VM-Class change on the Guest cluster yaml does not provision new VMs with new VM class.

Products

VMware vSphere Kubernetes Service

Issue/Introduction

The guest cluster's VM class was updated in the cluster YAML, but new VMs using the updated VM class failed to provision.
Describe of the kcp for the guest cluster shows:

Message: Following machines are reporting unknown etcd member status: <cluster-name-control-plane-A>,<cluster-name-control-plane-B>,<cluster-name-control-plane-C>

Logs snippets from var/log/pods/vmware-system-capw_kubeadm-control-plane-controller-manager/manager/x.log on Supervisor has below entries:

YYYY-MM-DDTHH:MM:SS. stderr F E0308 12:36:45.0070611 controller.go:326] "Reconciler error" err="failed to get etcdStatus for workload cluster <cluster-name>: failed to create etcd client: could not establish a connection to any etcd node: unable to create etcd client: context deadline exceeded" controller="kubeadmcontrolplane" controllerGroup="controlplane.cluster.x-k8s.io" controllerKind="KubeadmControlPlane" kubeadmControlPlane="<namespace/cluster-name>" namespace="<namespace-name>" name="<cluster-name>" reconcileID=<ID>

YYYY-MM-DDTHH:MM:SS. stderr F I0116 22:15:01.5345821 remediation.go:286] "etcd cluster projected after remediation of cluster-CP-VM-name" controller="kubeadmcontrolplane" controllerGroup="controlplane.cluster.x-k8s.io" controllerKind="KubeadmControlPlane" kubeadmControlPlane="namespace-name/cluster-name" namespace="namespace-name" name="cluster-name" reconcileID=...

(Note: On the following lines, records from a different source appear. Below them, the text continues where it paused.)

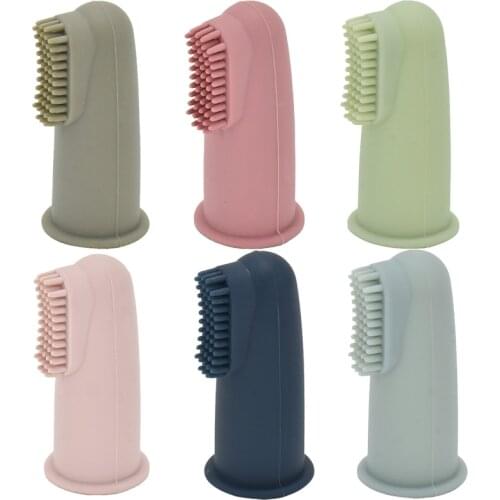 Baby Finger Toothbrush Teether BPA Free Soft Silicone Infant Tooth Teeth Clean Brush Food Grade Silicone Baby Oral Health Care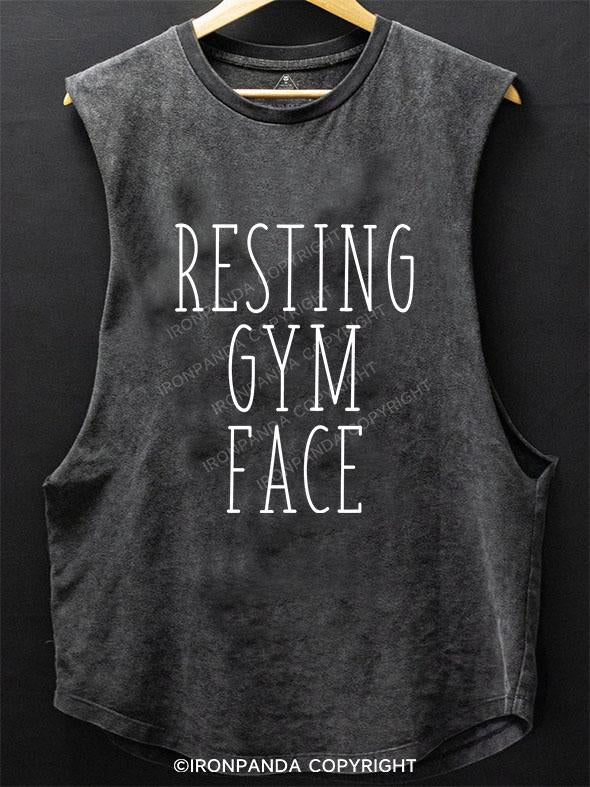 Resting gym face SCOOP BOTTOM COTTON TANK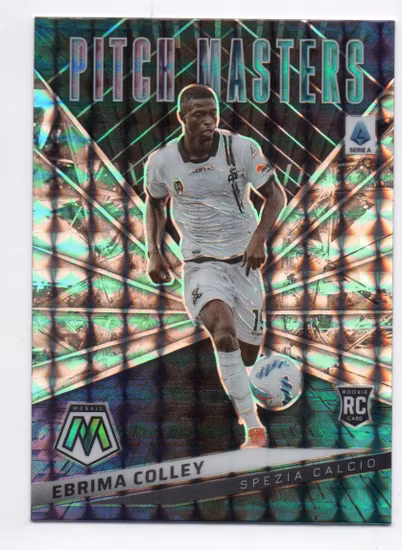 2021-22 Panini Mosaic Serie A Pitch Masters Mosaic #20 Ebrima Colley (20-X350-SOCCERSPEZIA)
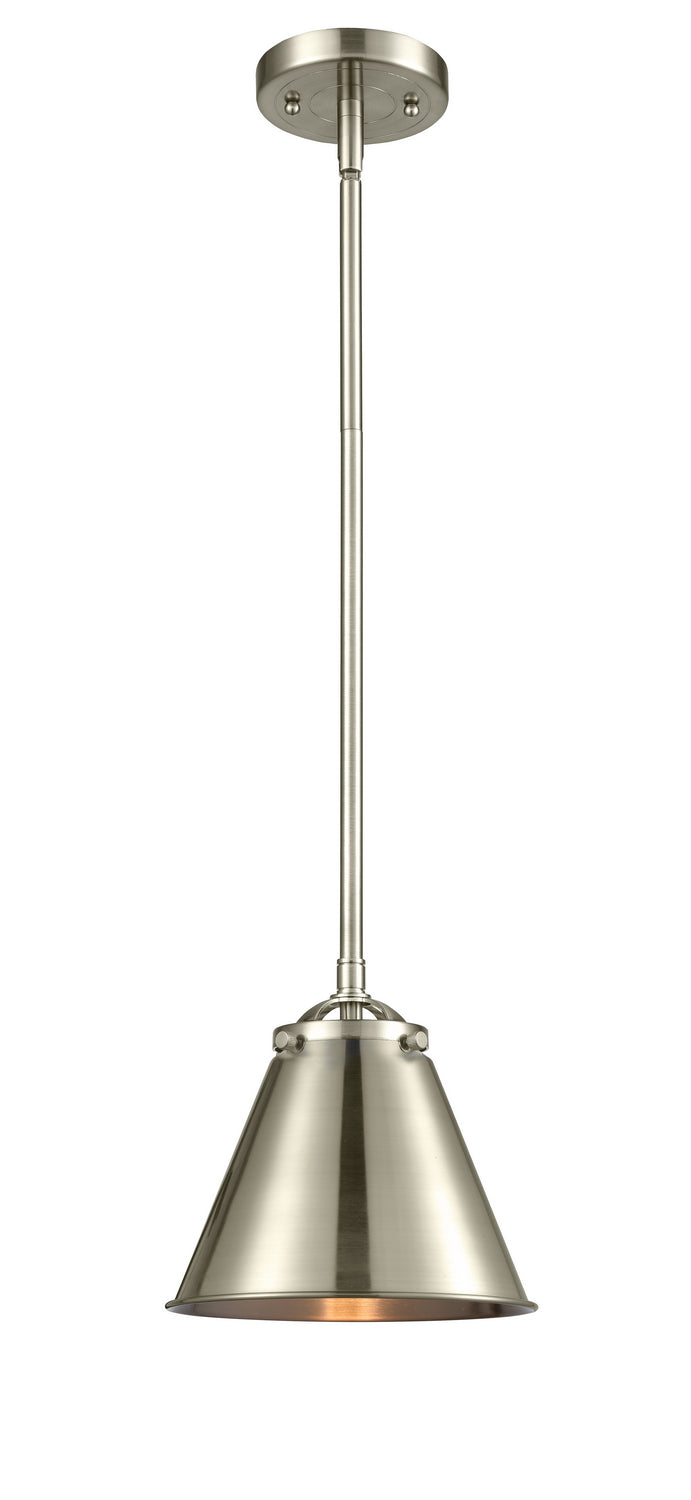 Innovations 284-1S-SN-M13-SN One Light Mini Pendant, Brushed Satin Nickel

Curl over port 6443 to the svc of the Guest cluster returned status 'OK' which means the Control Plane nodes are able to communicate between each other.

Environment

vSphere with Tanzu

Cause

The older version of CAPI has difficulty managing unresponsive guest clusters.
If any of the following controllers on the Supervisor are in an error state (Terminating or Pending), guest cluster reconciliation gets queued:
- capi-controller-manager
- capi-kubeadm-control-plane-controller-manager
- capi-kubeadm-bootstrap-controller-manager

Resolution

Verify the Guest cluster etcd is healthy.
- Example:
  
  root@************** [ ~ ]# etcdctl --cluster=true endpoint health -w table
  +--------------------------+--------+------------+-------+
  | ENDPOINT | HEALTH | TOOK | ERROR |
  +--------------------------+--------+------------+-------+
  | https://**************:2379 | true | 4.671596ms | |
  | https://**************:2379 | true | 7.120376ms | |
  | https://**************:2379 | true | 7.356998ms | |
  +--------------------------+--------+------------+-------+
  
  root@************** [ ~ ]# etcdctl member list -w table
  +------------------+---------+----------------------------------+--------------------------+--------------------------+------------+
  | ID | STATUS | NAME | PEER ADDRS | CLIENT ADDRS | IS LEARNER |
  +------------------+---------+----------------------------------+--------------------------+--------------------------+------------+
  | ************** | started | ************** | https://**************:2380 | https://**************:2379 | false |
  | ************** | started | ************** | https://**************:2380 | https://**************:2379 | false |
  | ************** | started | ************** | https://**************:2380 | https://**************:2379 | false |
  +------------------+---------+----------------------------------+--------------------------+--------------------------+------------+
  root@************** [ ~ ]# etcdctl --cluster=true endpoint status -w table
  +--------------------------+------------------+---------+---------+-----------+------------+-----------+------------+--------------------+--------+
  | ENDPOINT | ID | VERSION | DB SIZE | IS LEADER | IS LEARNER | RAFT TERM | RAFT INDEX | RAFT APPLIED INDEX | ERRORS |
  +--------------------------+------------------+---------+---------+-----------+------------+-----------+------------+--------------------+--------+
  | https://**************:2379 | ************** | 3.5.11 | 176 MB | false | false | 83 | 584410086 | 584410086 | |
  | https://**************:2379 | ************** | 3.5.11 | 176 MB | true | false | 83 | 584410086 | 584410086 | |
  | https://**************:2379 | ************** | 3.5.11 | 176 MB | false | false | 83 | 584410086 | 584410086 | |
  +--------------------------+------------------+---------+---------+-----------+------------+-----------+------------+--------------------+--------+
Get status of tkc's api-server & test its connectivity to capi-controllers
1. Get the svc corresponding to the namespace:
  
  kubectl get svc -n <namespace>
  
  Eg:
  [ ~ ]# kubectl get svc -n namespace01
  NAME TYPE CLUSTER-IP EXTERNAL-IP PORT(S) AGE
  tkc-xsmall-control-plane-service LoadBalancer ##.##.#.## ###.###.#.### 6443/TCP 44d
2. Check the health of the Cluster External IP:
  
  curl -k https://<EXTERNAL-IP obtained from above step>:6443/healthz
  
  e.g. output:
  root@<Supervisor CP node name>[ ~ ]# curl -k https://<EXTERNAL-IP>:6443/healthz
  ok
Restart the CAPI controllers by scaling down and up the replicas of the pods.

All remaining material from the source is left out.